OF all the blockbuster Tim Rice musicals, why would 24-year-old Callum O'Connell choose to make his directorial debut with Chess?
What does it have the others don't? High-octane action? You gotta be kidding! It's about two guys playing chess! Accessibility? Forget about it! It's two-and-a-half hours of Cold War politics and recitative operatics! Eye-popping dance routines? Not unless King's Knight to Queen Four is your idea of innovative choreography! So, why, Callum? Why Chess?
Ultimately a director takes on Chess for the same reason one plays it: for the challenge. Set at the height of the Cold War, the musical deals with a USA versus USSR grandmaster grudge match. There is almost no dialogue, and on the whole it is characterised by an angry, heavily cerebral tone which rarely lets up. Tim Rice described it as one of the hardest things he ever worked on. And you know what? Despite all that, Shipton's Chess was brilliant.

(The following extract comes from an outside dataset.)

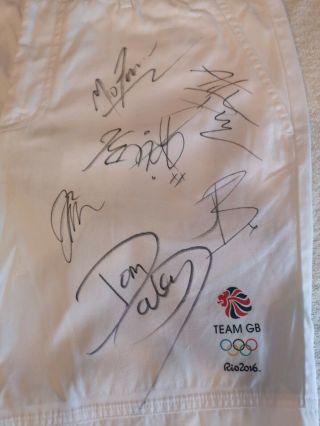 Team GB Rio 2016 Stella McCartney White Shorts Hand Signed X13 Rare Unique 2
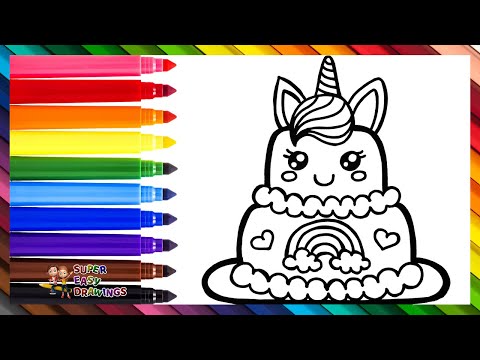 Draw and Color a Unicorn Birthday Cake 🎂🦄❤️🌈 Drawings for Kids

The monochrome set provides a bold and striking aesthetic for the cast to work within, and the opening set piece, featuring the chorus hidden behind white masks, is a powerful, uncompromising statement of intent.
The current political climate adds weight to the theme of conflict between East and West which the play has probably lacked for ten years; American master Freddie is violent, arrogant, prone to thoughtless knee-jerk reactions, every bit the cowboy neo-conservative.
O'Connell's use of the large projection screen is highly imaginative, the moving footage being simply great video art in its own right. John Hall's Alexander Molokov is superb, a wire-tapping KGB ogre in an expensive suit, while Juliet Waters' performance as Florence Vassey is stunning.
Special praise must go to the band, which deals with the shifting musical score - disco, rock, jazz - excellently. Where the songs are good, they're very good; Abba's Benny and Bjorn wrote the music, and I Know Him So Well is a stone cold Broadway classic. This is a serious piece of musical theatre, and it has taken a lot of guts to tackle it on its own terms. Checkmate.